2017-05-02 - Financial Advisor Magazine Figure 1

These issues take on increasing complexity for advisors amid market uncertainty, a shifting regulatory landscape and the growing role of robo-advisors in the face of an aging practitioner base. While there are numerous ways to address these challenges, incorporating private equity into a practice may offer a possible solution to all of them.

In-Demand Products
As seen in the research, having a continuously updated roster of products that reflect the latest techniques and opportunities is a priority for more than half of advisors. With just one in five surveyed professionals currently offering private equity (Figure 2), it is not yet considered a mainstream investment and could be seen as exclusive or differentiating for the advisors who include it in their suites.
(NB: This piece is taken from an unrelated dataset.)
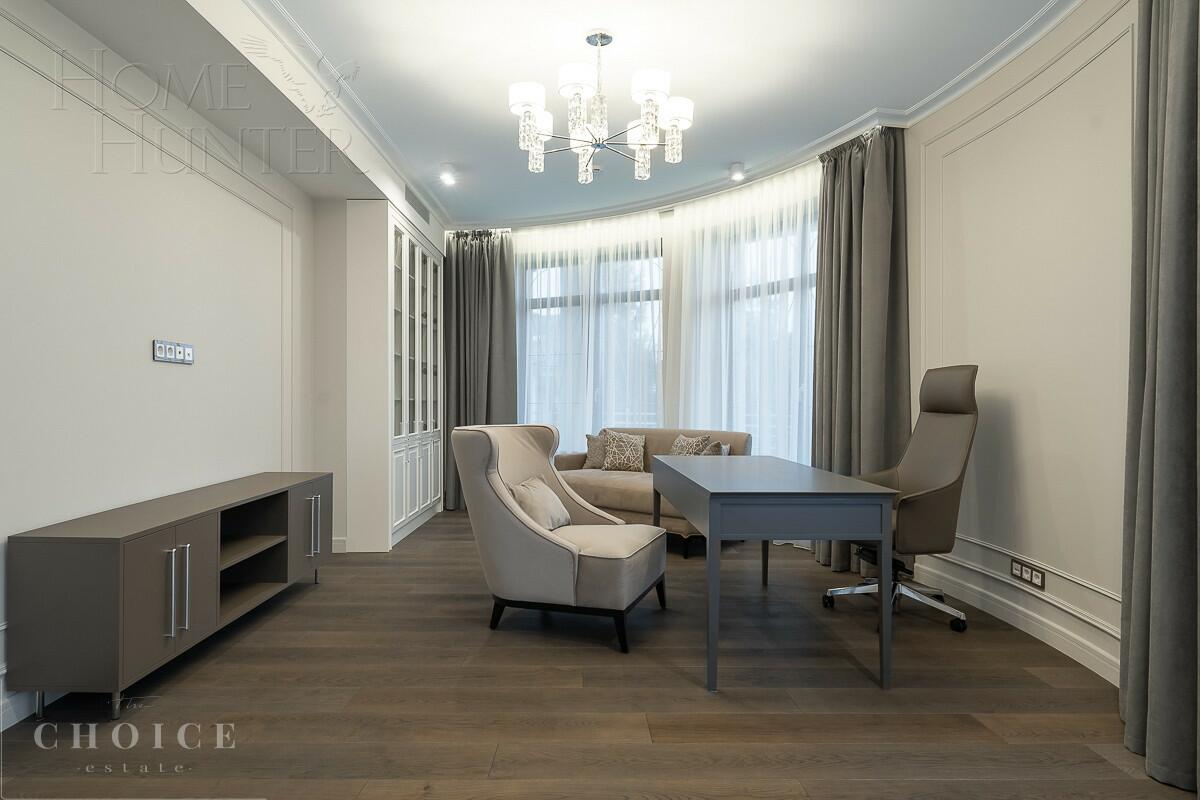 3-этажный коттедж 1 445 м² с отделкой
2017-05-02 - Financial Advisor Magazine Figure 2

At the same time, a recent report from Cerulli Associates indicates that alternatives (a catchall category that includes private equity and other private investments as well as hedge funds, commodities and real estate) still reflect just 3% of the overall asset allocation for advisory practitioners across the RIA, wirehouse, broker-dealer, bank and insurance verticals. This is significantly lower than the allocation to alternatives among institutional investors and family offices, Cerulli reports. Advisors that target wealthy investors may want to consider evolving their platform of offerings to more closely reflect those used by the largest and most sophisticated investors.

Wealthy Investors
High-net-worth investors are longtime advocates of private equity in all its forms according to information shared by Tiger 21, a peer-to-peer networking group for wealthy individuals and business leaders. An August 2016 release from the group reports a 23% allocation to private equity across closely held stock, direct deals and funds, the highest since 2007. Similarly, iCapital’s research on single-family offices with average assets of more than $900 million indicates that 62% invest in private equity funds and direct assets, and the vast majority maintain portfolio allocations to private equity between 10% and 20%.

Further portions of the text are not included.